Share your dilemmas and get honest opinions from other Mumsnetters.

I think my daughter is throwing her life away

798 replies

BeauxBelle · 23/08/2023 12:14

My daughter is 22, 23 next week, she is a smart, confident, beautiful girl. She did very well in her A-Levels, took a gap year to travel, did a BA in Classics and Ancient History, currently finishing her MA in Classics. She is in a relationship with a man 16 years older, they started dating 3 years ago, got engaged last year, due to marry next September.
We went for lunch yesterday, talking about the future etc. and she dropped that she is starting a second masters next month, immediately after the completion of her current one, this time in English Literature, when I asked why she doesn't plan to get a job, she explained that she doesn't intend to work, She will marry, then they will start trying for children and she will be a stay-at-home mum.
I'm upset and angry, we paid for her to attend top schools her whole life, funded the gap year, all her Uni costs, we are paying for this big dreamy wedding, to a man we do not like (he will be 40 when they marry!!) and for what, for her to stay home and make no life of her own??
Her fiancé is from a decently well off family, he owns a home mortgage free, plans to sell and his parents have offered to cover a ridiculous amount extra to buy a family home. She has tried to reassure me by saying we don't have to pay for this masters as her fiancé has offered to. I'm terrified he is trying to trap her, leave her with no independence. She is sure he isn't. I am a GP, my husband is a Lawyer, I thought we had raised our children to know you have to work hard and earn your own living!!
I feel like she is throwing her life away to play housewife to an older man!!
AIBU to feel she is throwing her life away? Should I share my concerns or leave her to it?

OP posts:
Frabbits · 23/08/2023 12:56

Comedycook · 23/08/2023 12:53

Most sahms have worked before having children. I suspect this has nothing to do with her deep seated desire to bring her potential children up as a sahm but her deep seated desire to not work.

So what if it is?

If someone can bankroll their life via parents/partners etc, why work if they don't need to? Plenty of people do exactly that.

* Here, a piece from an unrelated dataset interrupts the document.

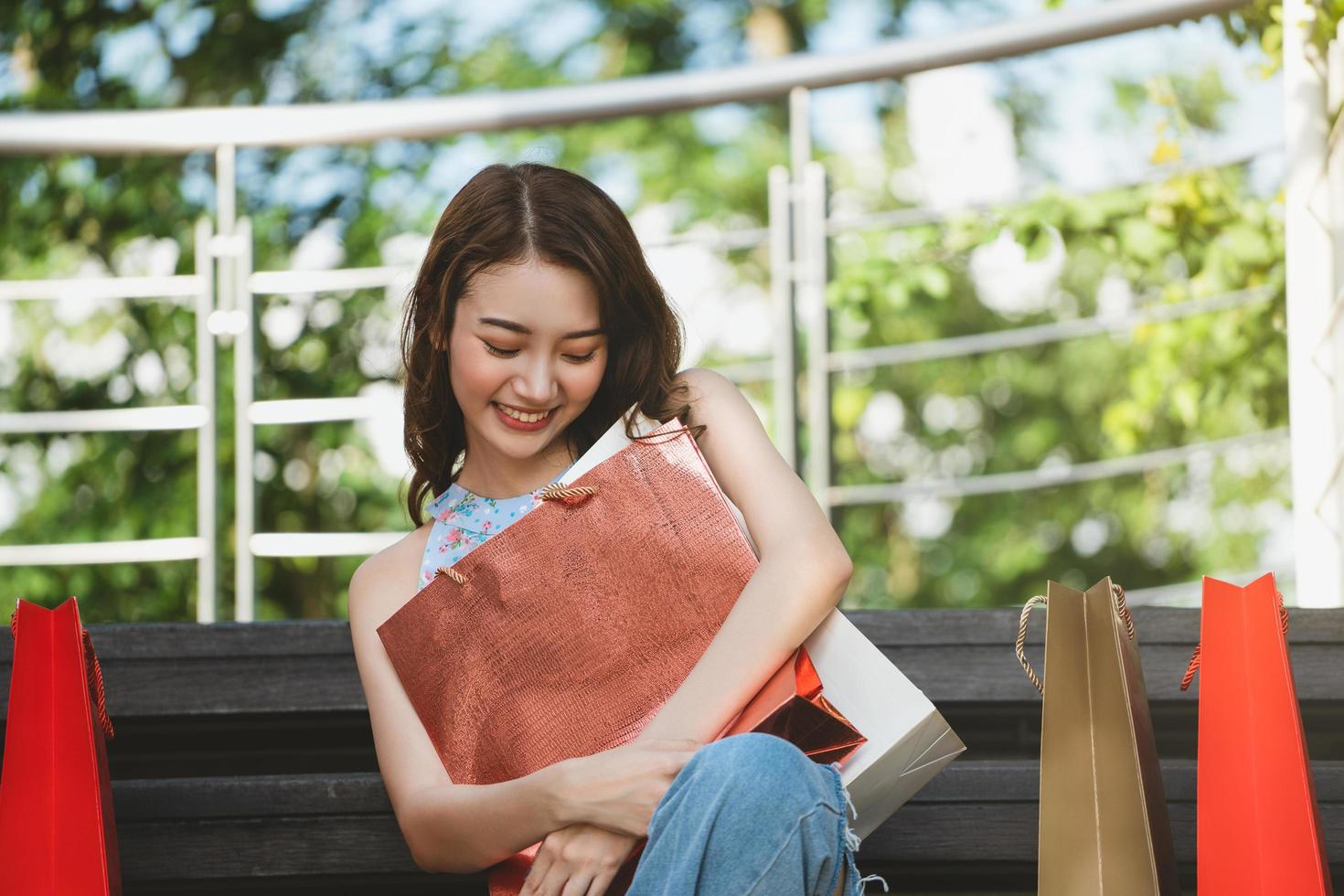 asiatisk ung kvinna kram shoppingkassar foto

OP just seems to think that her daughter should suddenly develop a desire to work when her whole life her parents have ensured she doesn't need to.

Ghilli · 23/08/2023 12:56

I don't understand why you're confused that she has no desire to work.

You've said you brought her up to earn a living, and then in the next breath handed her five figure sums of money so she can go travelling.

You're confused because your son, having had the same treatment, is now an accountant. I'd suggest that this is through luck than design. He's the anomaly, whereas your daughter is simply living her life the way you raised her.

StampOnTheGround · 23/08/2023 12:56

I'm sorry OP, but you've moulded her into this person by giving her everything in life. She's never had to save, she's never had a part-time job.

BlueMoe · 23/08/2023 12:57

LoserWinner · 23/08/2023 12:29

My parents paid for my education 'so I could have choices'. When I made a life choice they didn't like, they responded much the way the OP is here. There seems to be a transactional element here - 'we paid for you to have a good education, now you have to pay us back by using that education to live the life we want for you.' That is not loving parenting. Even if the daughter is making a huge mistake, she's an adult who is entitled to make her own mistakes. The OP needs to back off, support the daughter, and accept that she's now an adult.

Completely disagree. You got opportunities that you were prepared to turn your nose at, on someone else’s dime.

Sometimes parents make a lot of sacrifices for their children to have more/the best.
For example if parents pay for a child to get the best training/kit/access for their child to have a chance as a professional sports player, but the child starts smoking, we would tell the young person they are ungrateful and an idiot, and we would commiserate with the parents and tell them not to throw good money after bad.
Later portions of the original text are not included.